- _Source material_:
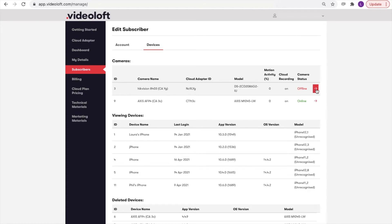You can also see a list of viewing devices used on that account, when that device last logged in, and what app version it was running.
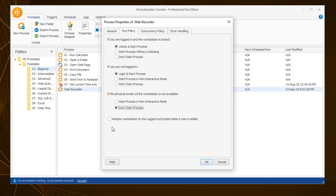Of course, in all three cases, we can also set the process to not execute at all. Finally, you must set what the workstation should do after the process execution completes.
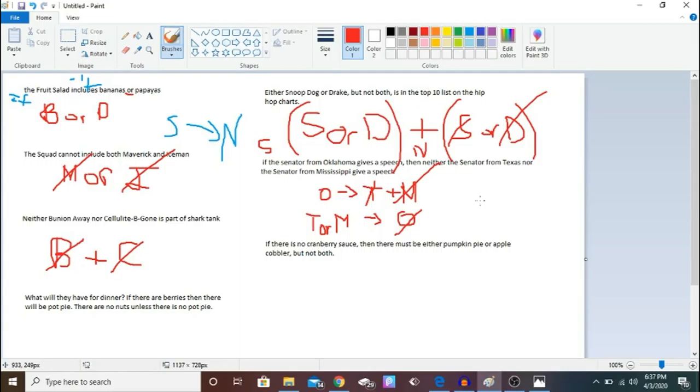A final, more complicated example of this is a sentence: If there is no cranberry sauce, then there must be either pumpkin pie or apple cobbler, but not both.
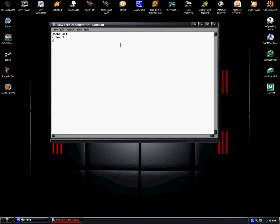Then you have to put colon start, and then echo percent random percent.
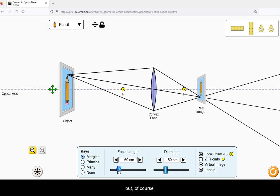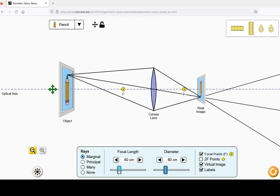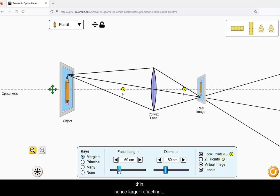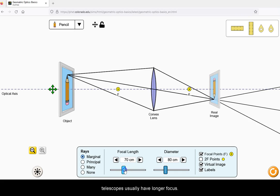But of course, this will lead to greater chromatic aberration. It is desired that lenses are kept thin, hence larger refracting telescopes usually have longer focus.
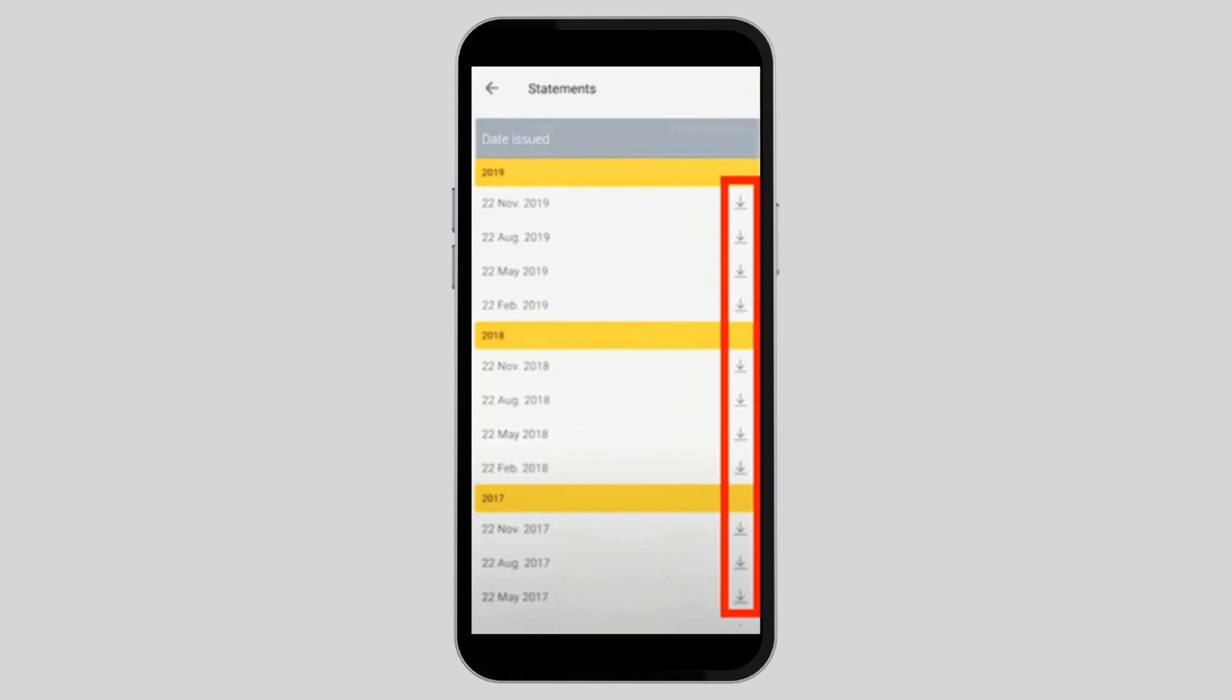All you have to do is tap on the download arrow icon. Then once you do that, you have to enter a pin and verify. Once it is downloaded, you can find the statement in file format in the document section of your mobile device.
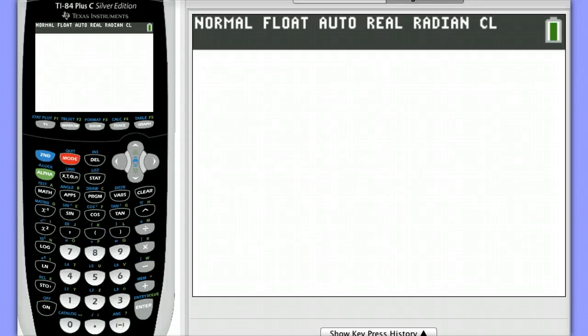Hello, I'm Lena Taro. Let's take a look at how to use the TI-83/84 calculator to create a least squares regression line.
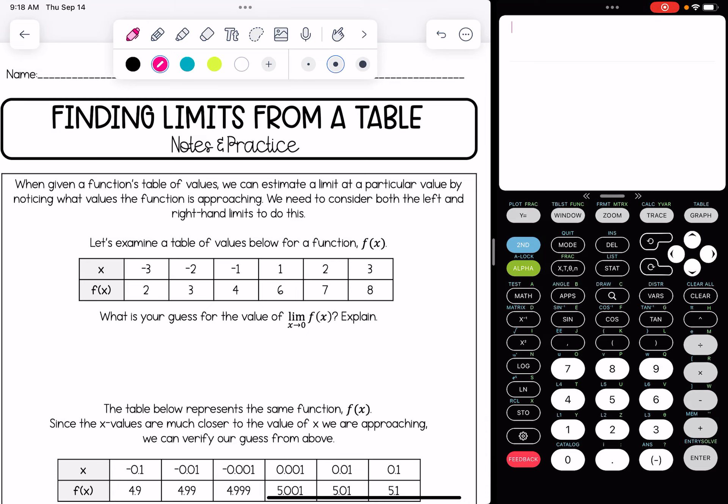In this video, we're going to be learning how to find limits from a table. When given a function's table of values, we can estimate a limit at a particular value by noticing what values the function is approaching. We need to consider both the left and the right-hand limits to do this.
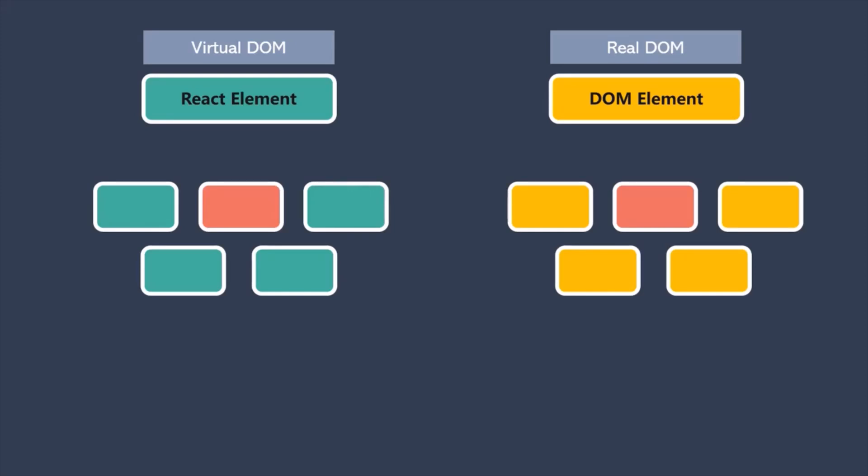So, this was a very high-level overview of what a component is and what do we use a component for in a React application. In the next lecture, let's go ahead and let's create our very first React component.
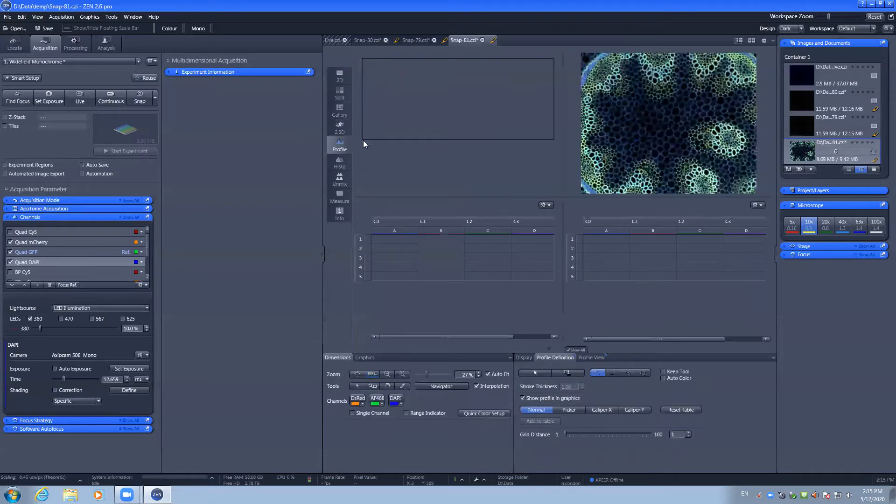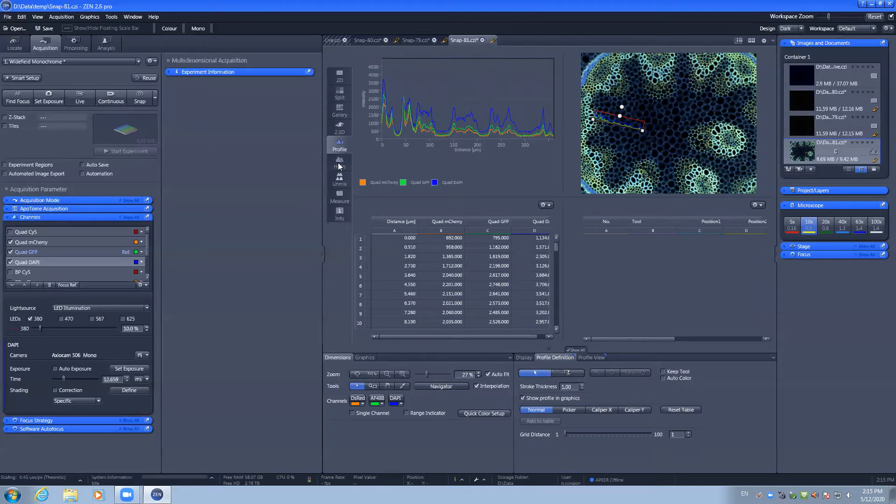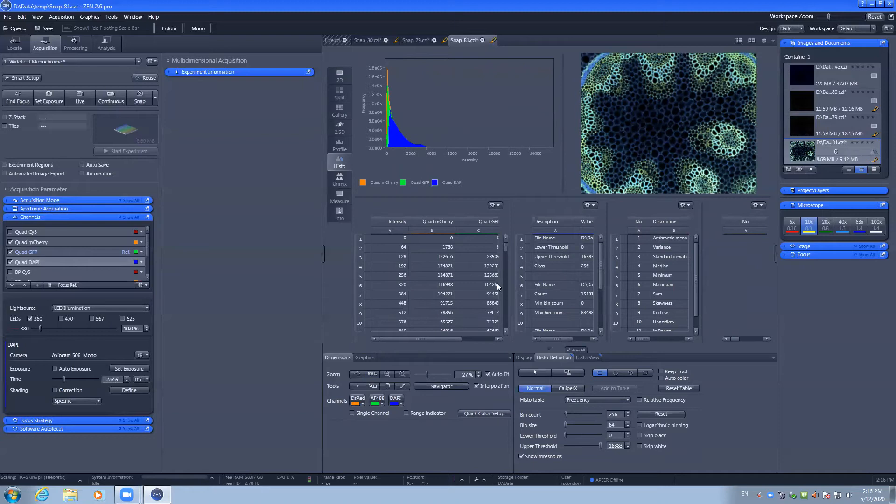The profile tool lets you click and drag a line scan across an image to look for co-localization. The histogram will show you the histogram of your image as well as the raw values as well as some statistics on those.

* * *

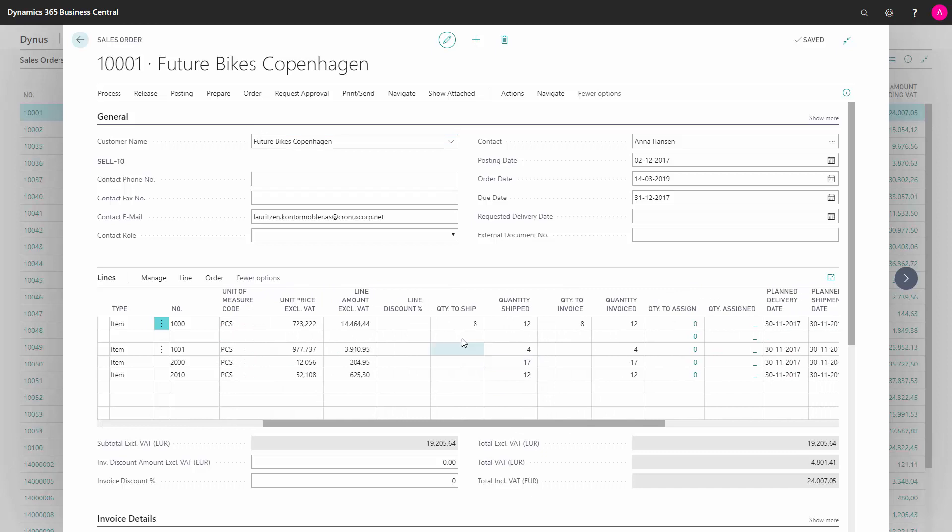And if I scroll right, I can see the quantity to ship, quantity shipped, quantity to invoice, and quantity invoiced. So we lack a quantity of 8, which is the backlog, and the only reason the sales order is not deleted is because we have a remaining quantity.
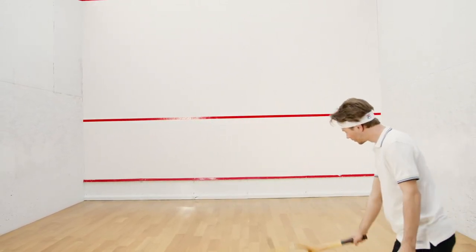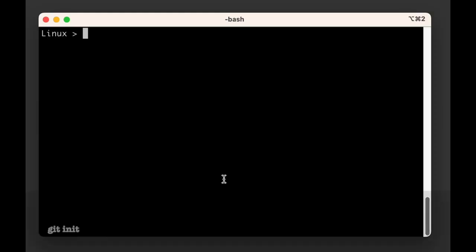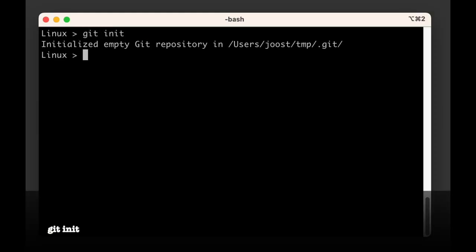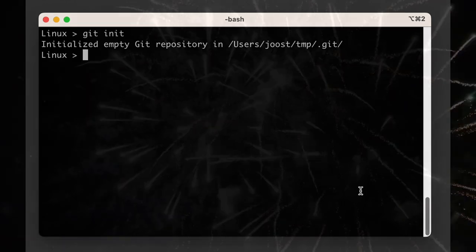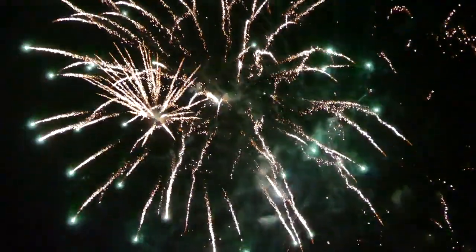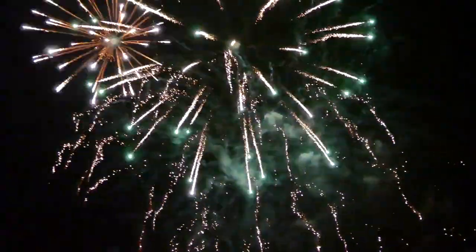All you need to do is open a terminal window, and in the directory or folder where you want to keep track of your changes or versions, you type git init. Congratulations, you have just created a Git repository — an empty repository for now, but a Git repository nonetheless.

- _Task requirements_: Copy the lines above exactly, starting with the line that contains "Of course, in" and ending with the line that contains "But of course, this", and leave out any pictures.

- _Written solution_:
Of course, in all three cases, we can also set the process to not execute at all. Finally, you must set what the workstation should do after the process execution completes.
A final, more complicated example of this is a sentence: If there is no cranberry sauce, then there must be either pumpkin pie or apple cobbler, but not both.
Then you have to put colon start, and then echo percent random percent.
But of course, this will lead to greater chromatic aberration. It is desired that lenses are kept thin, hence larger refracting telescopes usually have longer focus.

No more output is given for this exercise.